→ What this task involves:
A verbatim repetition of the data below is requested, without images.

→ Task inputs:
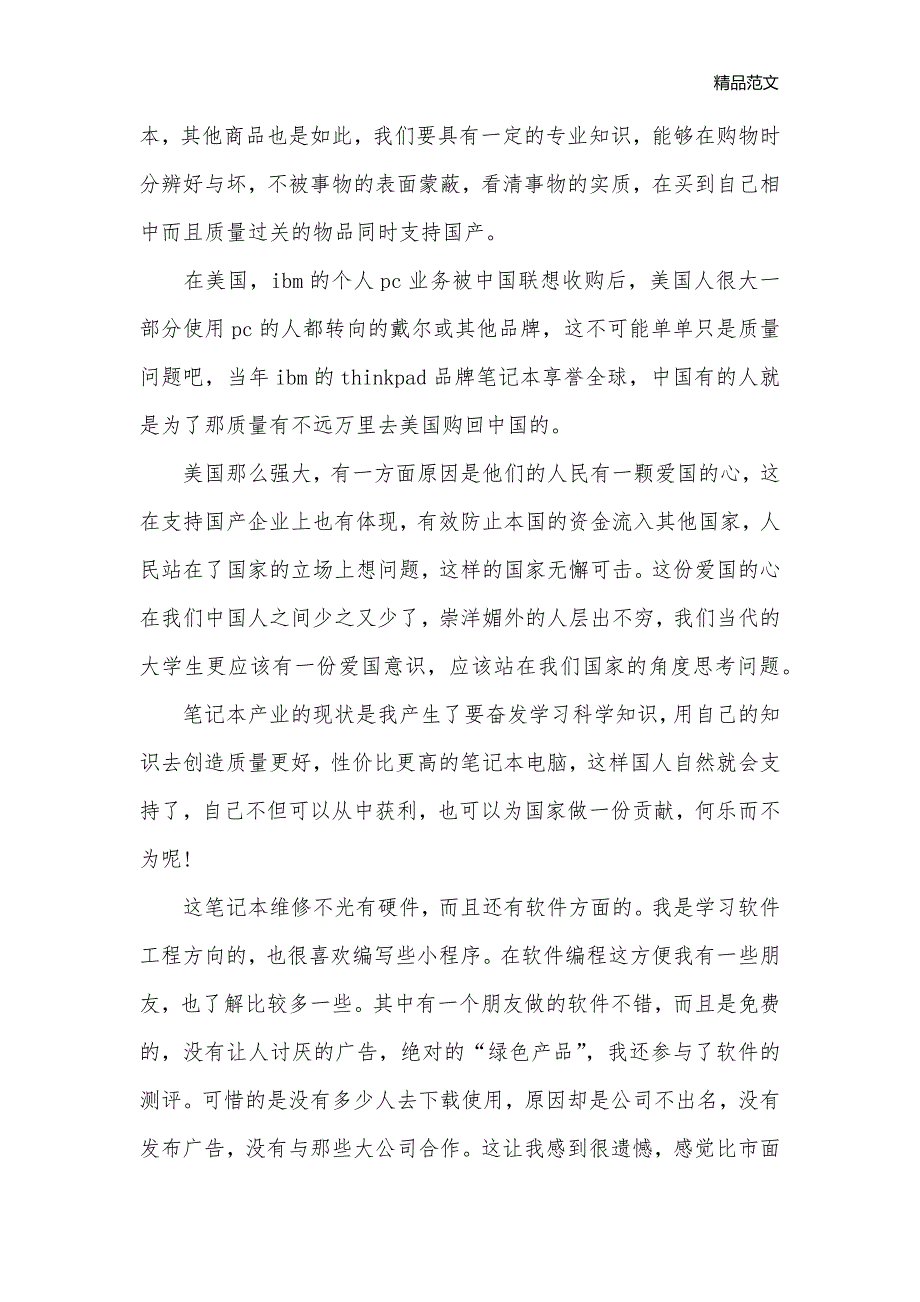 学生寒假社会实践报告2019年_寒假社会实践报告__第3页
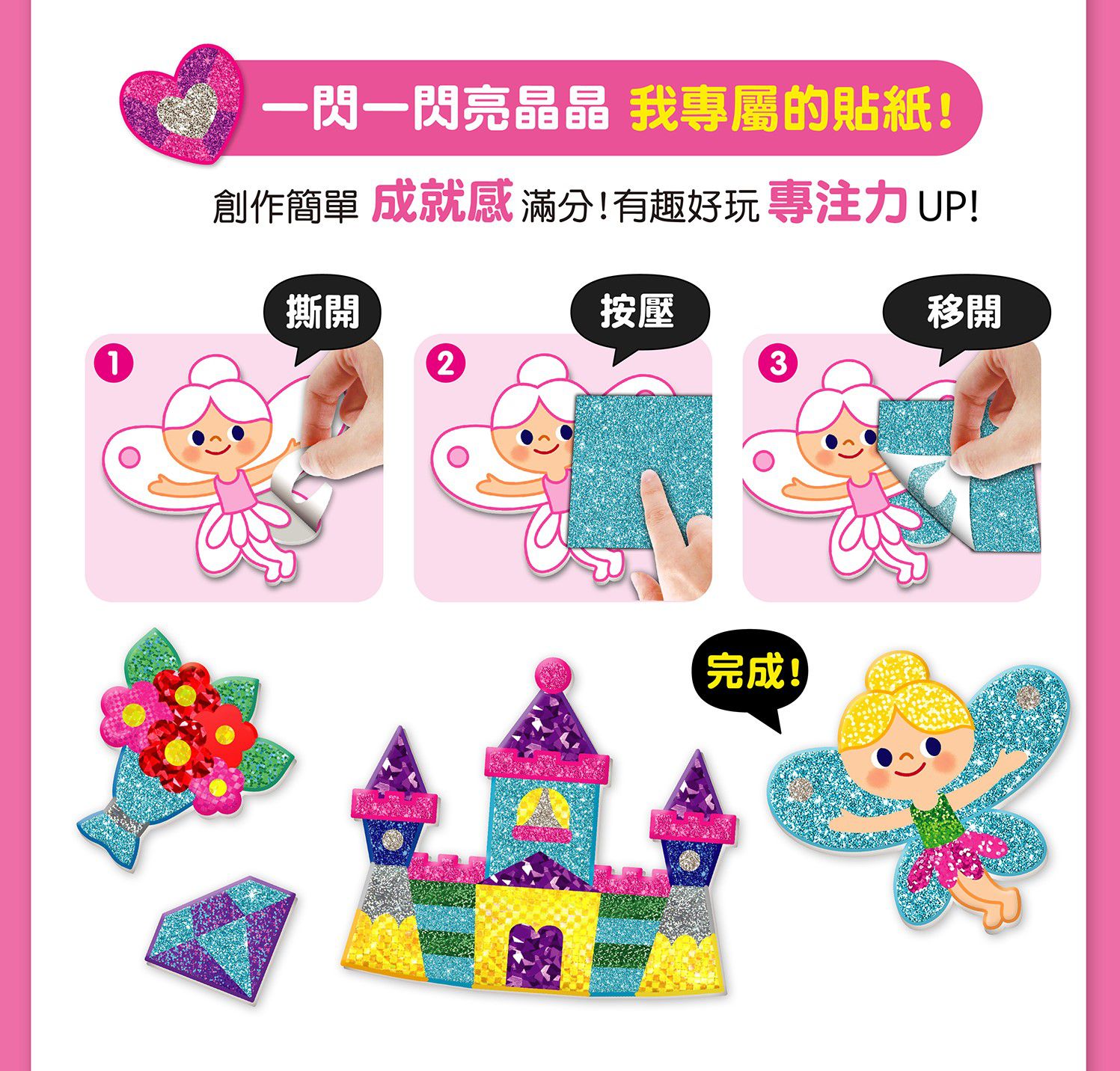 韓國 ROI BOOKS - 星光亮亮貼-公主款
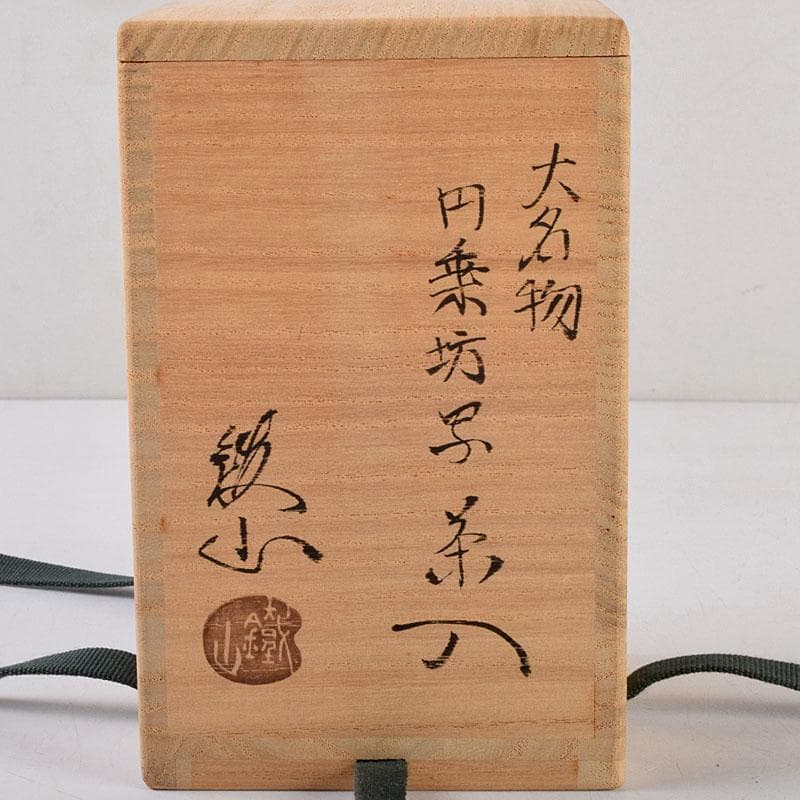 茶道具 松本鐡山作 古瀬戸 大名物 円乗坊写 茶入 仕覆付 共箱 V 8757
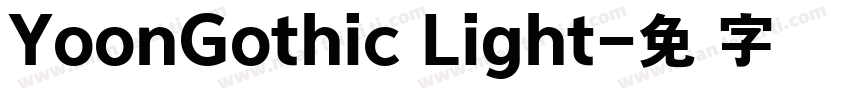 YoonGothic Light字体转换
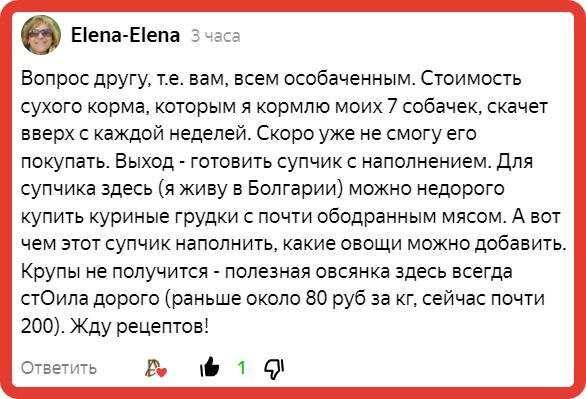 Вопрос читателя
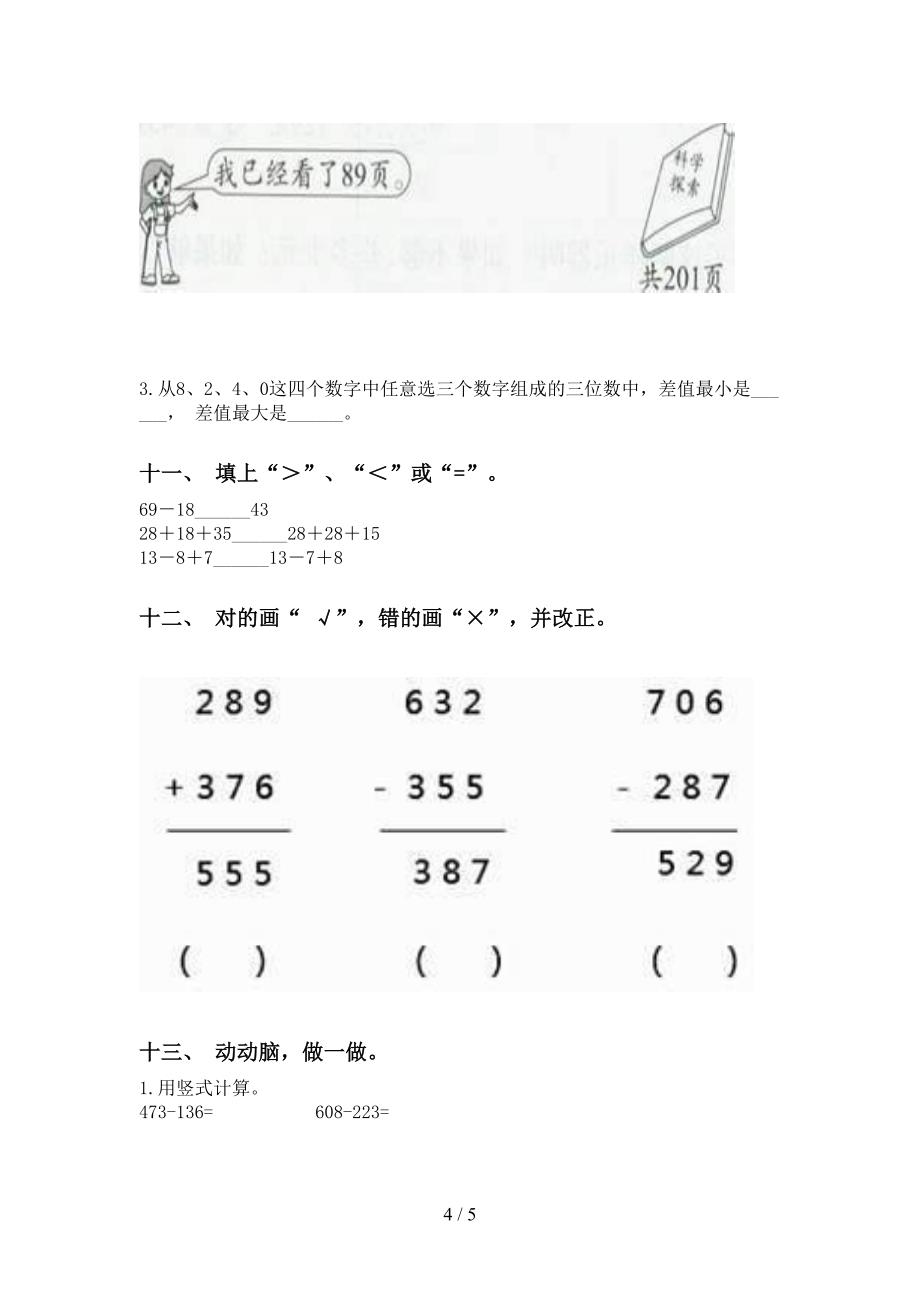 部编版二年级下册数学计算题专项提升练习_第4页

→ Solution for this exercise:
 学生寒假社会实践报告2019年_寒假社会实践报告__第3页
 韓國 ROI BOOKS - 星光亮亮貼-公主款
 茶道具 松本鐡山作 古瀬戸 大名物 円乗坊写 茶入 仕覆付 共箱 V 8757
 YoonGothic Light字体转换
 Вопрос читателя
 部编版二年级下册数学计算题专项提升练习_第4页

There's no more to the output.